EPI shows the decline in union membership costs non-union workers together about $133 billion per year. That translates to the average non-unionized male worker without a college degree failing to earn an additional $3,016, EPI reports, and those with only a high school diploma or less sacrificing more: $3,172.
“In the debates over the causes of wage stagnation, the decline in union power has not received nearly as much attention as globalization, technological change, and the slowdown in Americans’ educational attainment,” write EPI’s Patrick Denice, Jennifer Laird and Jake Rosenfeld. “Unions, especially in industries and regions where they are strong, help boost the wages of all workers by establishing pay and benefit standards that many nonunion firms adopt. But this union boost to nonunion pay has weakened as the share of private-sector workers in a union has fallen from 1 in 3 in the 1950s to about 1 in 20 today.”
Unions, of course, improve working conditions and pay for members, but their efforts also affect all workers. Unions’ mere presence achieves this by employers competing with decent wages, hours and working conditions to discourage organizing by non-union employees; by politicking for overall workplace gains through legislation; and through larger social influences promoting a fair share for everyday workers.
“Something changed,” writes Richard Eskow of Campaign for America’s Future. “Popular culture in the 1980s glamorized greedy Wall Streeters and celebrated the Gilded Age excesses of a tiny but highly visible ultra-wealthy class. (Remember Gordon Gekko, and ‘Lifestyles of the Rich and Famous’?) Then tech entrepreneurs hijacked our national mythos with an Internet-fueled ideological fantasy: that anybody with a great idea could become a billionaire on the Web.
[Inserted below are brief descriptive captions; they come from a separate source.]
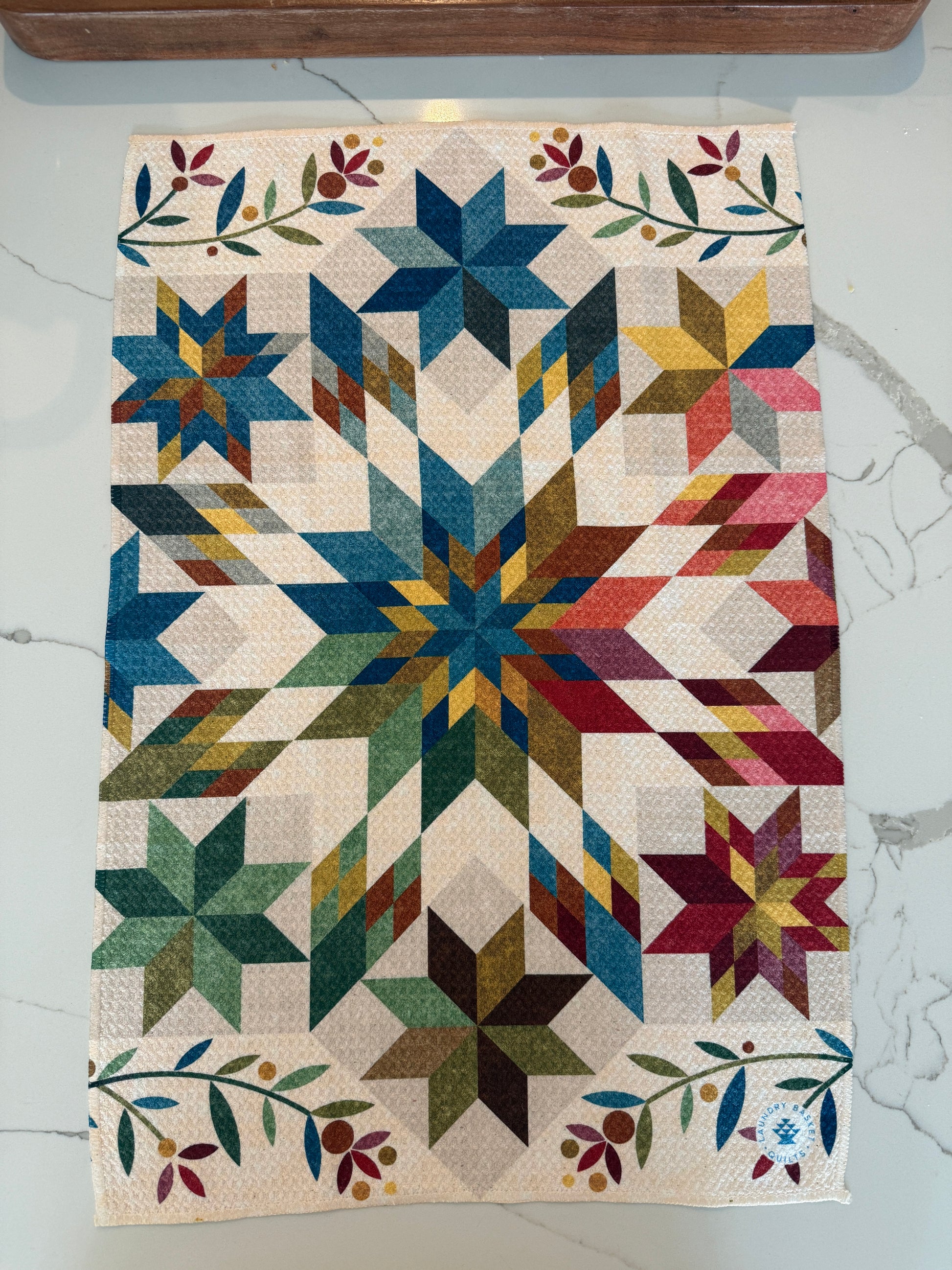 Geometric Quilt Print Kitchen Towel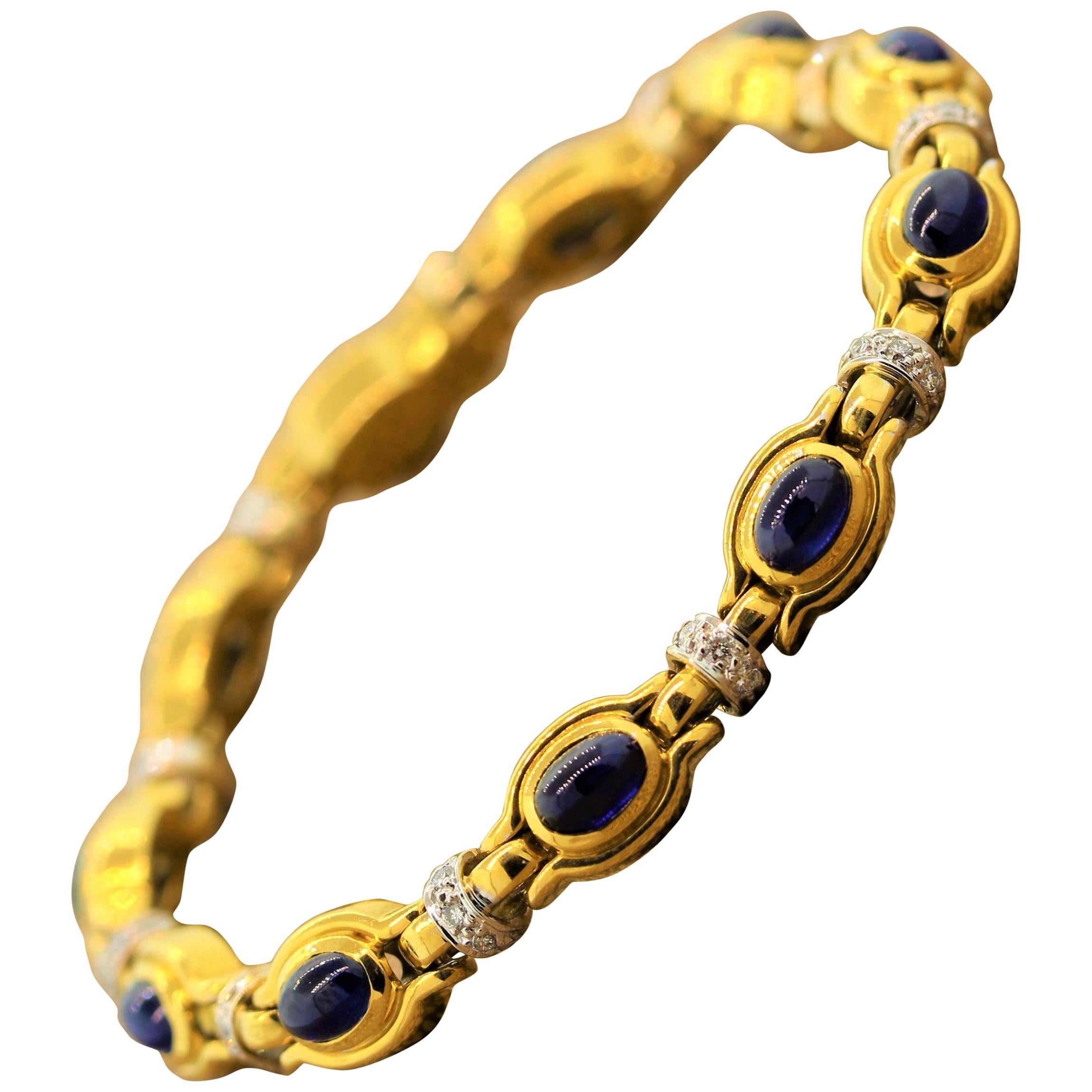 Cabochon Sapphire Diamond Gold Bracelet 5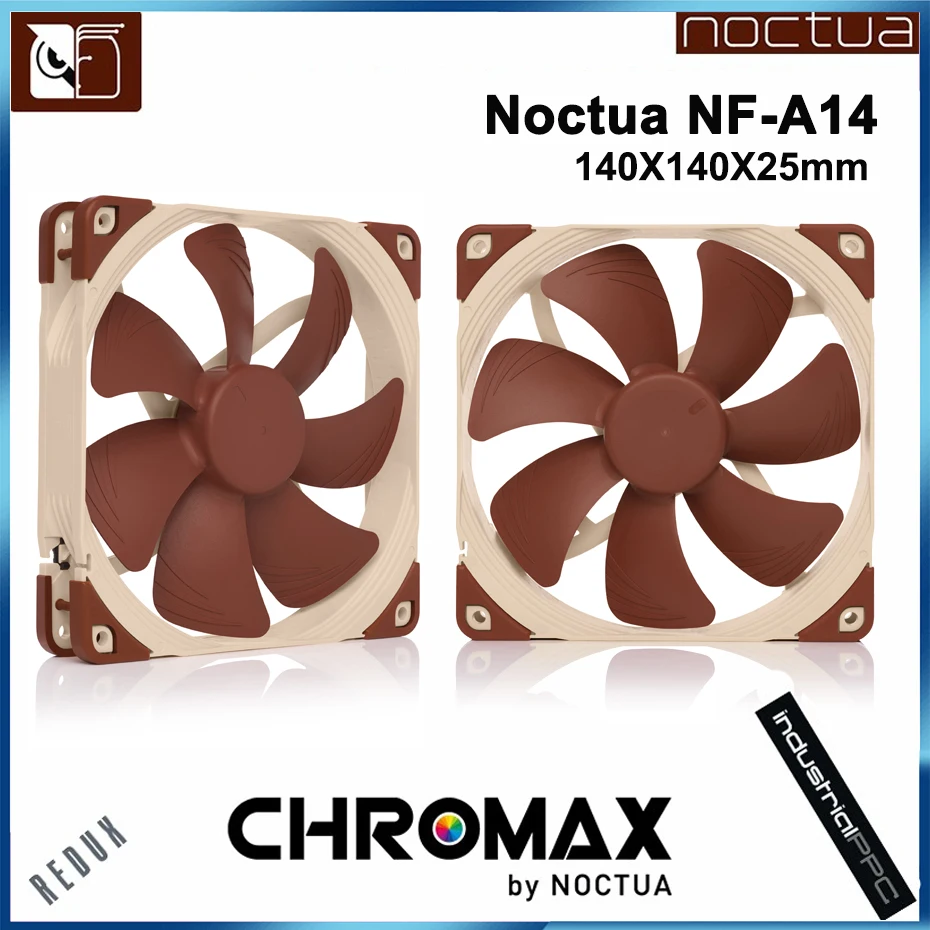 Noctua NF-A14 140mm Computer Case Fan SSO2 Magnetic Stable Bearing PWM FLX Adopt AAO Frame Aerodynamic Design CPU Cooler Fan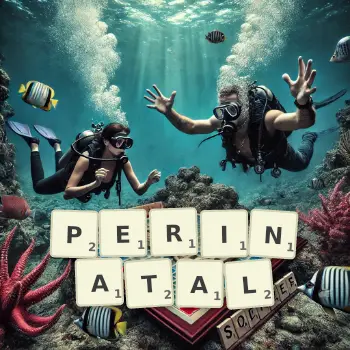 Creative illustration for a Scrabble game with the word PERINATAL spelled out in tiles on the board.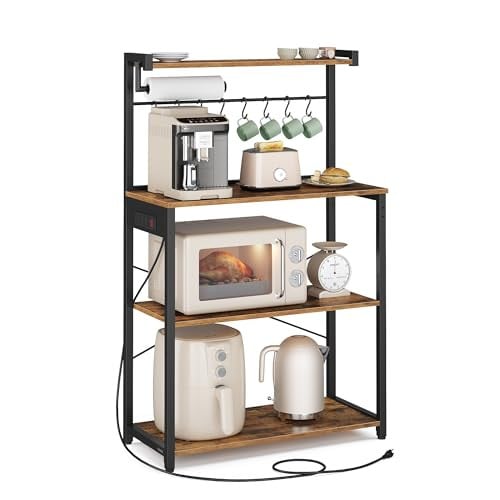 4-Tier VASAGLE Kitchen Bakers Rack w/ Power Outlet 15.7" x 31.5" x 55.1" Deal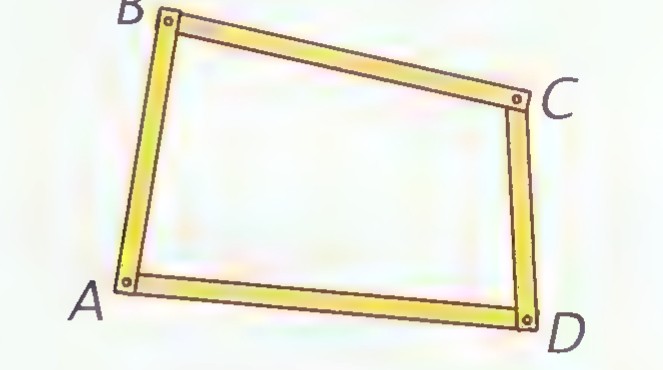 A four-rod linkage ABCD, the rods drawn in yellow, forming a slightly irregular quadrilateral.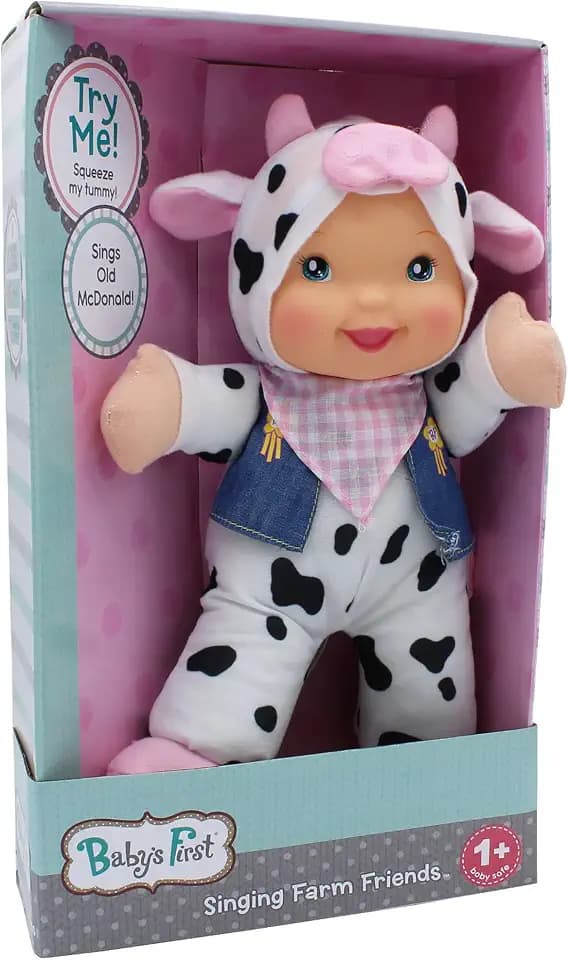 Baby's First (Bilingual - English-Spanish) 12" Farm Animal Friends Cow Soft & Cuddly Singing Musical Doll, Sings Old McDonald Had a Farm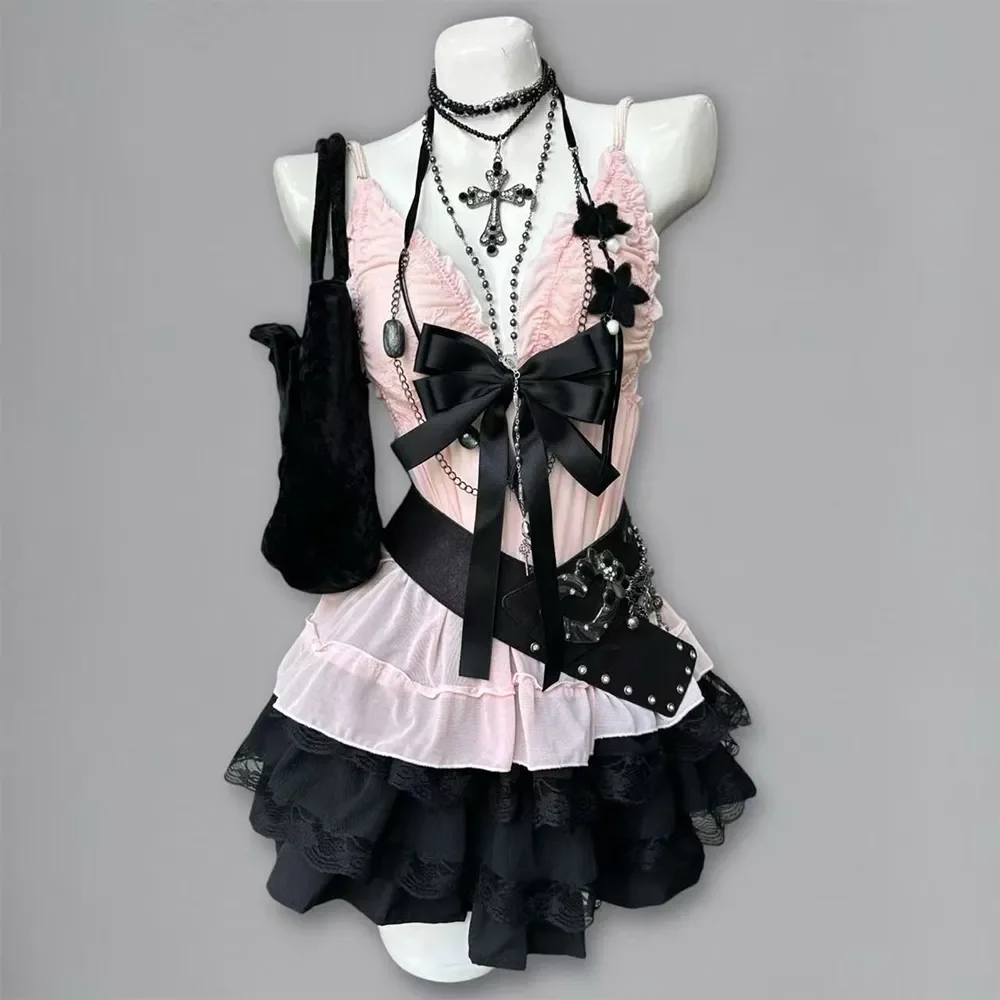 Gothic Style Vintage Short Sleeve Waist Coat + Lace Camisole + Polka Dot Mesh Mini Skirt Three-Piece Set Women Elegant Slim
“Working people lost their place in the national pantheon,” Eskow adds. “How could the rights of ‘ordinary’ men and women compete with the jet-piloting or turtleneck-wearing star power of billionaire CEOs, those temperamental tyrants whose collective passage from nerdy losers to corporate predators had forged a new Hero’s Journey for our soul-sick age?”
However, politics at state and national levels changed dramatically. The Eisenhower-era Republican Party was far different that today’s GOP. Ike – whose first-term Secretary of Labor, Martin Patrick Durkin, was a plumber – publicly boasted of the growth of organized labor. Meanwhile, the Democratic Party and its “New Democrats” in the 1980s and ’90s moved closer to Wall Street and the technology boom, dismissing unions like a pumpkin in a punch bowl. Plus, a trend has been increasingly accepted as the New Normal: the so-called sharing economy, promoting “flexible” contingent jobs such as part-time teachers and Uber drivers.
But among unions’ rank and file, labor unrest in the United States last year was more frequent and widespread, according to data from the Bureau of Labor Statistics, which noted that strikes involved about 47,000 workers. That was the first year since 2011 that saw the number of work stoppages increase, and the first year since 2012 to see the number of workers involved in industrial disputes rise.
That’s an early insight in the new book “Necessary Trouble: Americans in Revolt,” by Sarah Jaffe, who notes recent good news in progressive mass movements and grassroots actions including Occupy Wall Street, the sit-down strike and ultimate takeover of the Republic Windows and Doors factory in Chicago, the teachers’ strike there, and the nationwide OUR Walmart and Fight for 15 struggles.
One strength of such revivals of job actions and emerging movements is what’s called “intersectionality,” the circumstance where people experience various types of oppression such as job discrimination, racism and sexism) as “intertwined, overlapping experiences.”
Such actions often are “analyzed as if they had each happened in a vacuum,” Jaffe continues. “In fact, as I followed them through the years, I would find similar patterns and even direct connections between them.”
As always, organizing is key, Jaffe writes.
“The next challenge for the movements will be creating organizations that last, that suit the needs of 21st-century troublemakers, that can be flexible and still enduring, that can overlap and connect up with one another and create more long-term plans for the future they want to see,” she says.